[AIM OF THE TASK] Using the data below, return word for word every line from the one holding "Karen Williamson is" down to the one holding "closeup of four". Leave pictures out.

[DATA PROVIDED]

##########

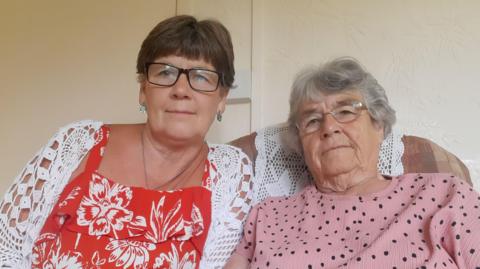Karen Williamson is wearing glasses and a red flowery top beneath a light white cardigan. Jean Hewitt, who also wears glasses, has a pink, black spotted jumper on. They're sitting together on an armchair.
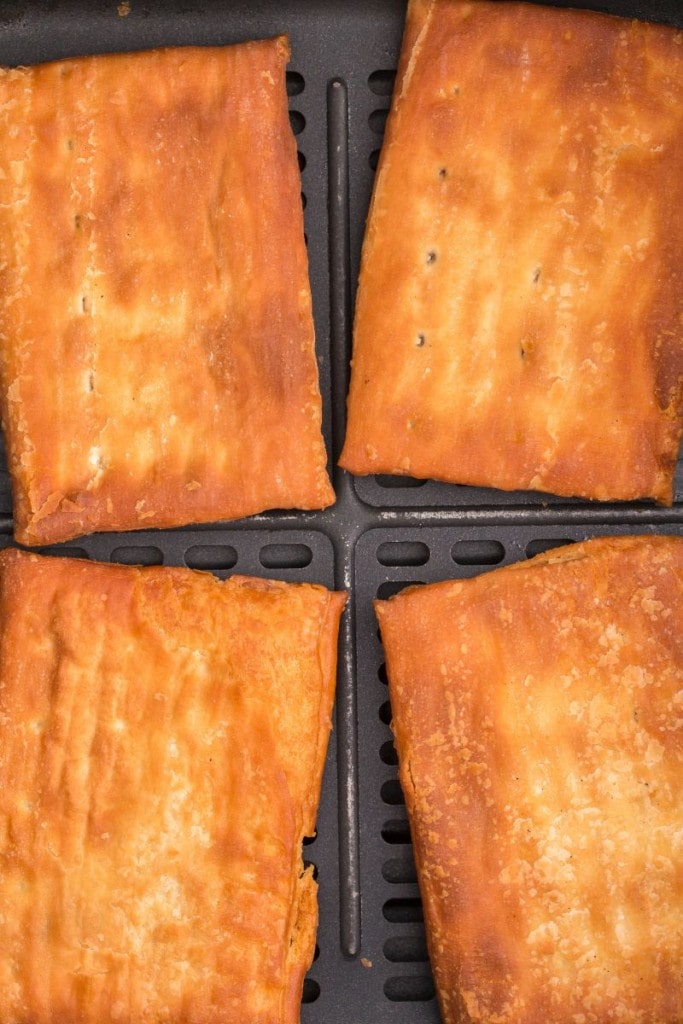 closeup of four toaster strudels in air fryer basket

##########

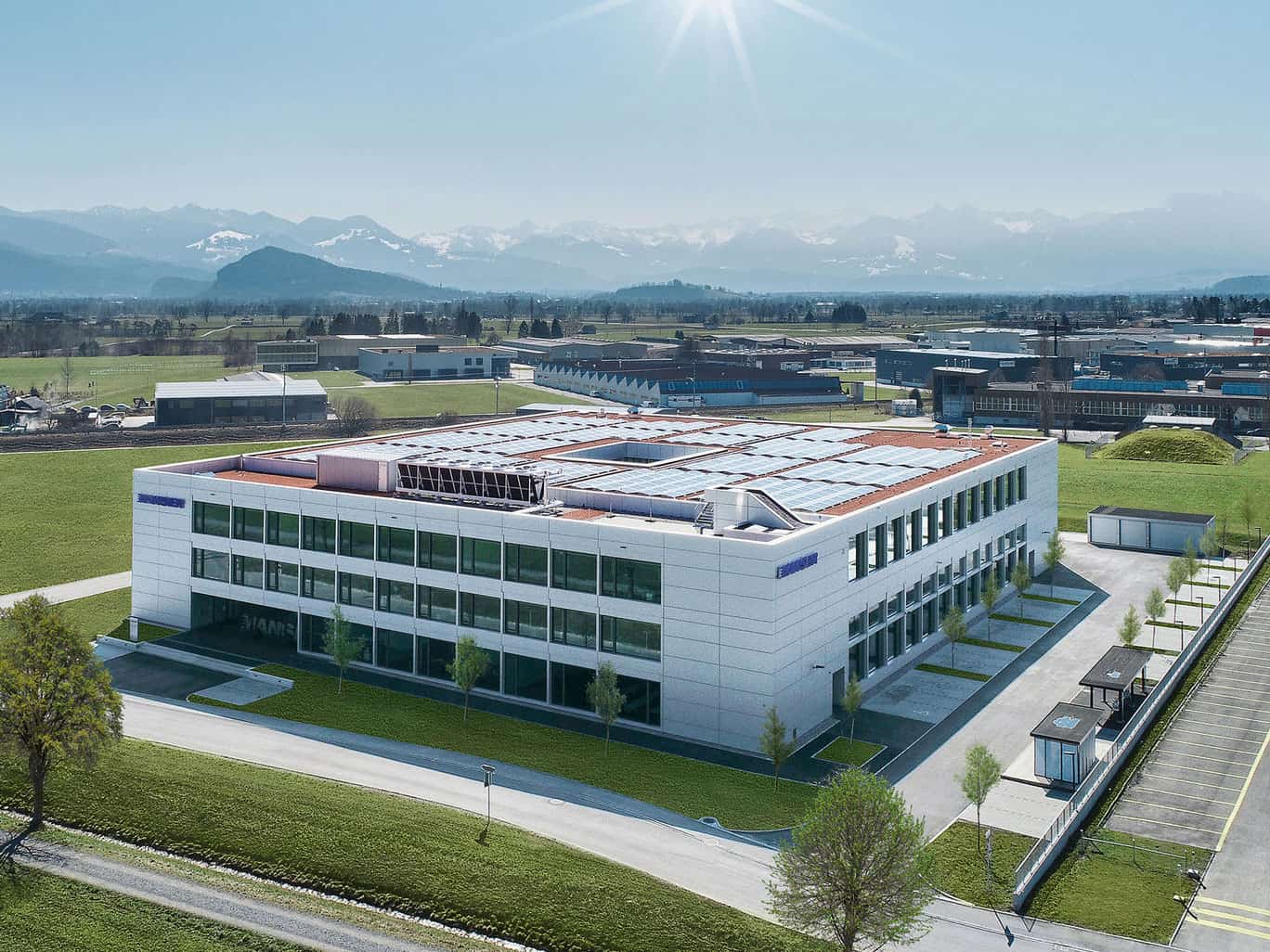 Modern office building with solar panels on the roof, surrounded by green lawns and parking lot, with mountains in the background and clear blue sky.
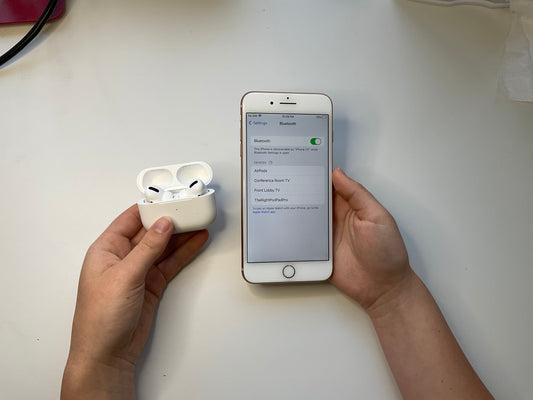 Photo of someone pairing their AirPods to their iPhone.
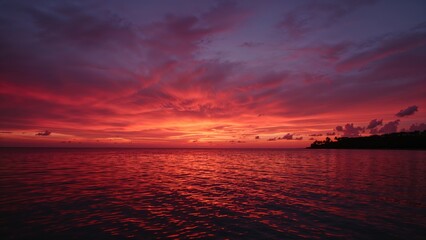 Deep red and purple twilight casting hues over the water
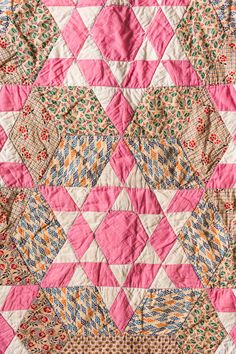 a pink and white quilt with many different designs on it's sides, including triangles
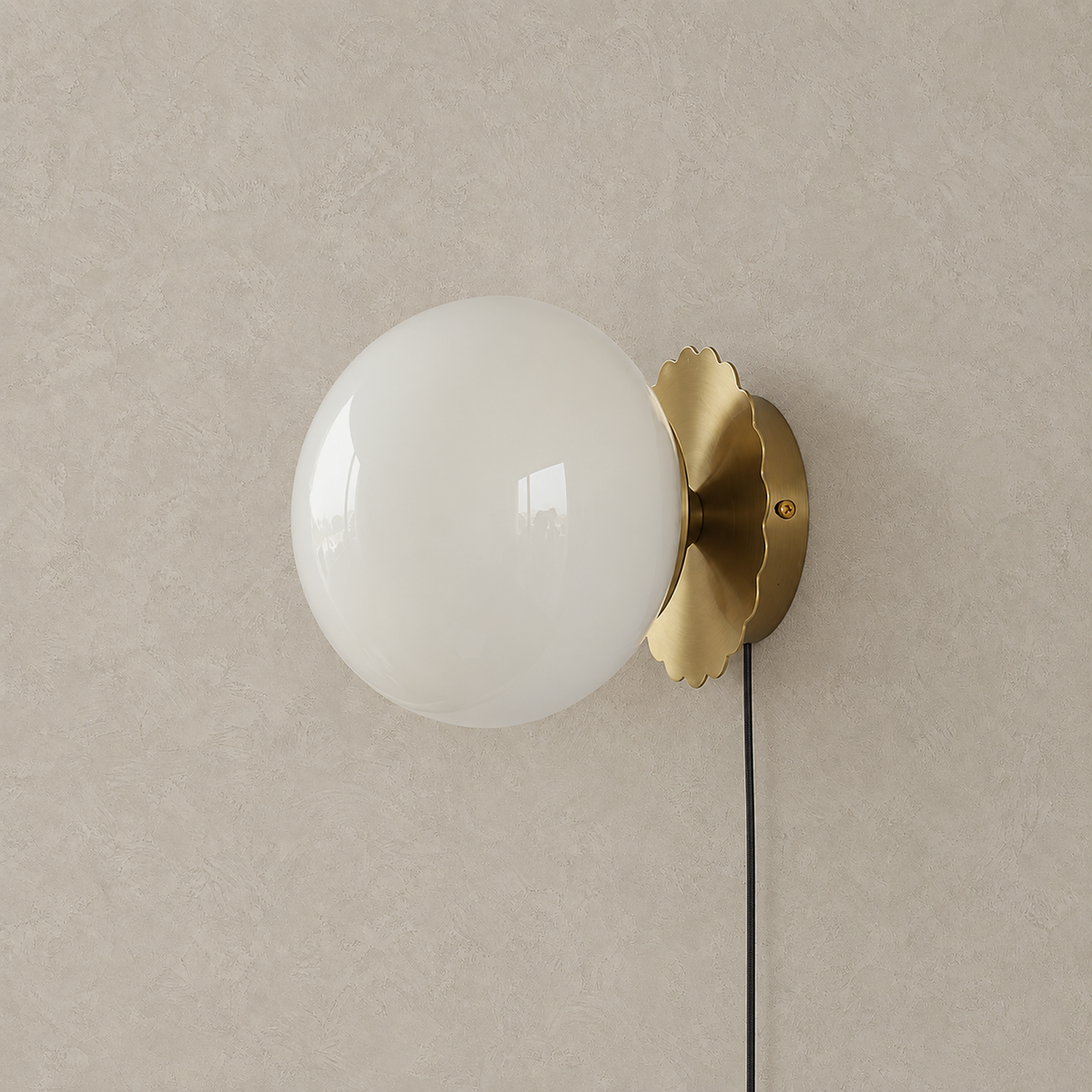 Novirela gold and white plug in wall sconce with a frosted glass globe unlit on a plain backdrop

##########

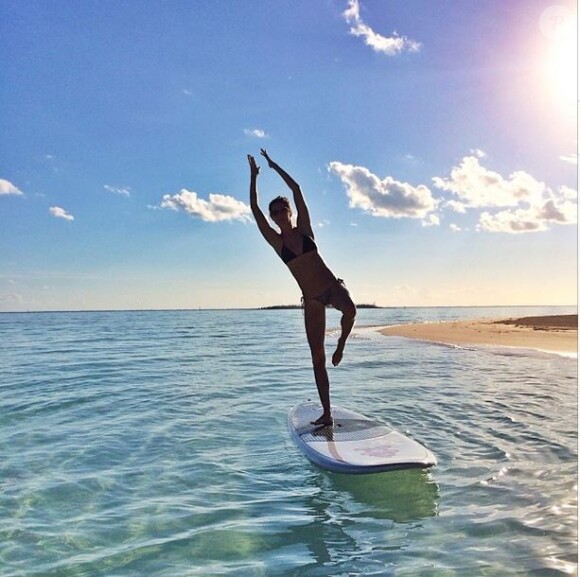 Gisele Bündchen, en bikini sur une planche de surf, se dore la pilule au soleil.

##########

[ANSWER SPACE]
Karen Williamson is wearing glasses and a red flowery top beneath a light white cardigan. Jean Hewitt, who also wears glasses, has a pink, black spotted jumper on. They're sitting together on an armchair.
 closeup of four toaster strudels in air fryer basket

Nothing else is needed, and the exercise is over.